» **Exercise description**
For this exercise, restate word for word only the lines from the one containing "Several televisions showing" through the last line below. Pictures do not get copied.

» **Given material**
====
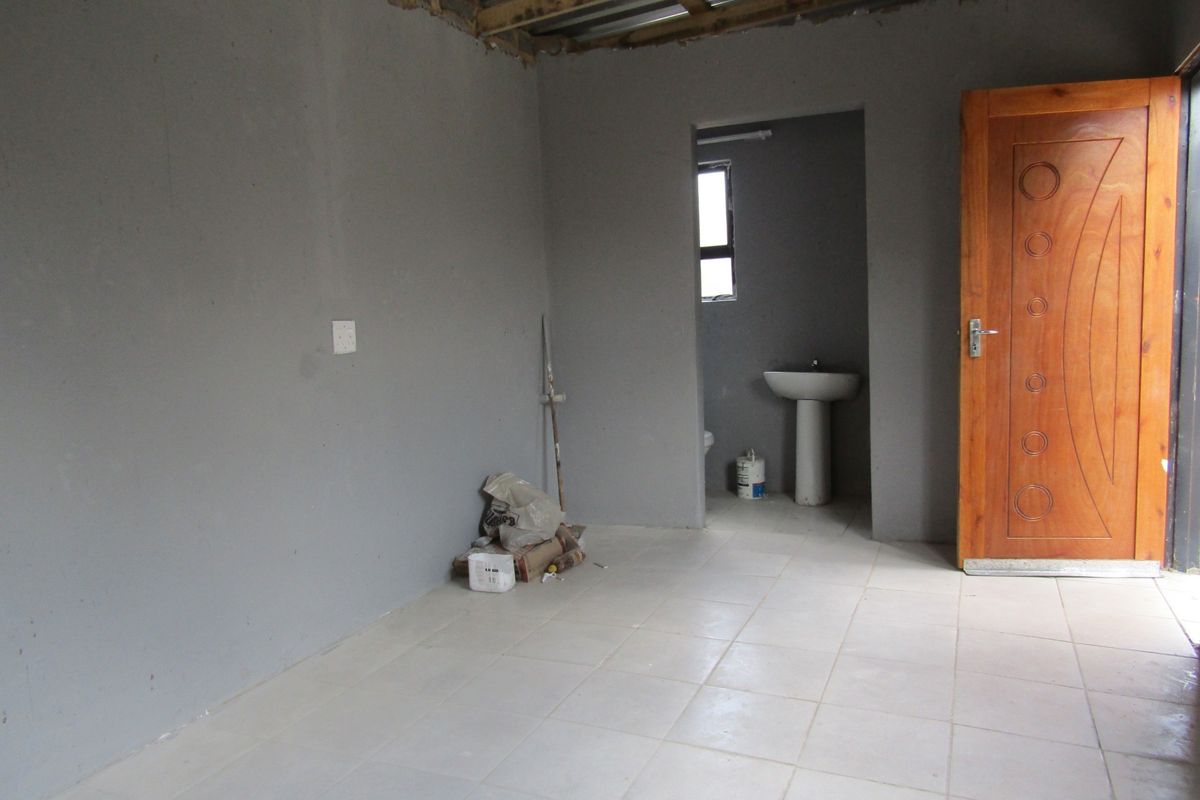 An unfinished bedroom space featuring tiled flooring, a pedestal basin in the en-suite area, and an exposed roof structure.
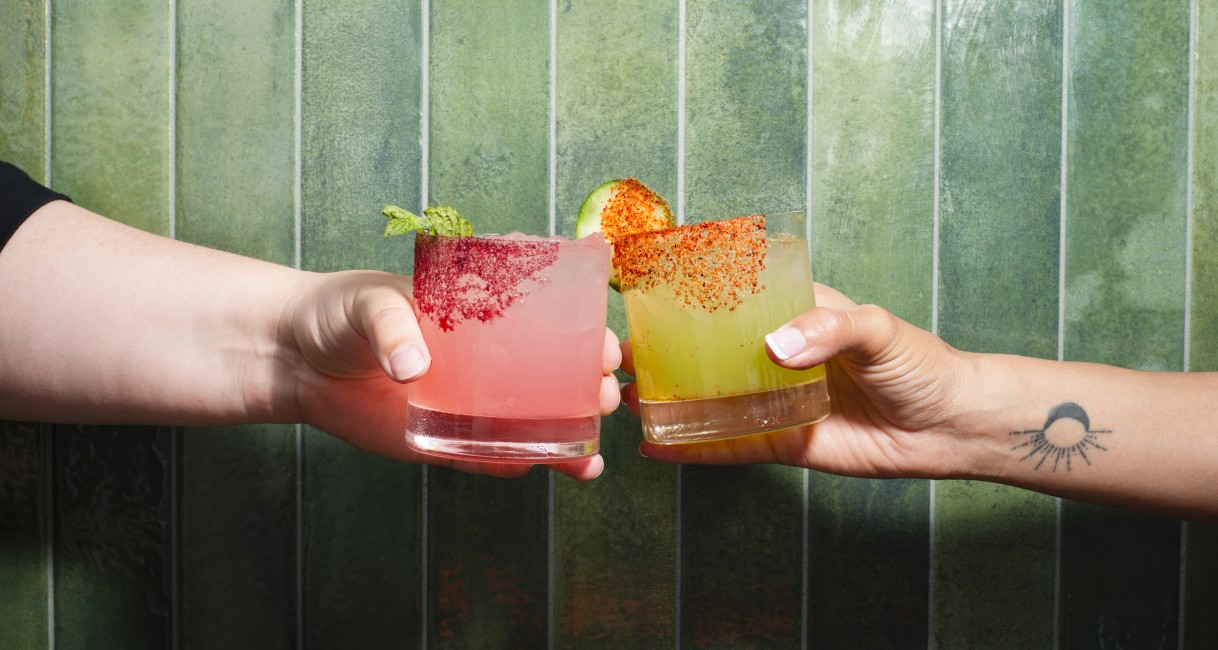 two hands holding drinks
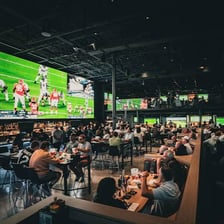 Several televisions showing sports in a sports bar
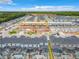 Extensive view of a modern residential development with multiple townhomes under construction at 2573 Reading Trl, Kissimmee, FL 34746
====
» **Exercise answer**
 Several televisions showing sports in a sports bar
 Extensive view of a modern residential development with multiple townhomes under construction at 2573 Reading Trl, Kissimmee, FL 34746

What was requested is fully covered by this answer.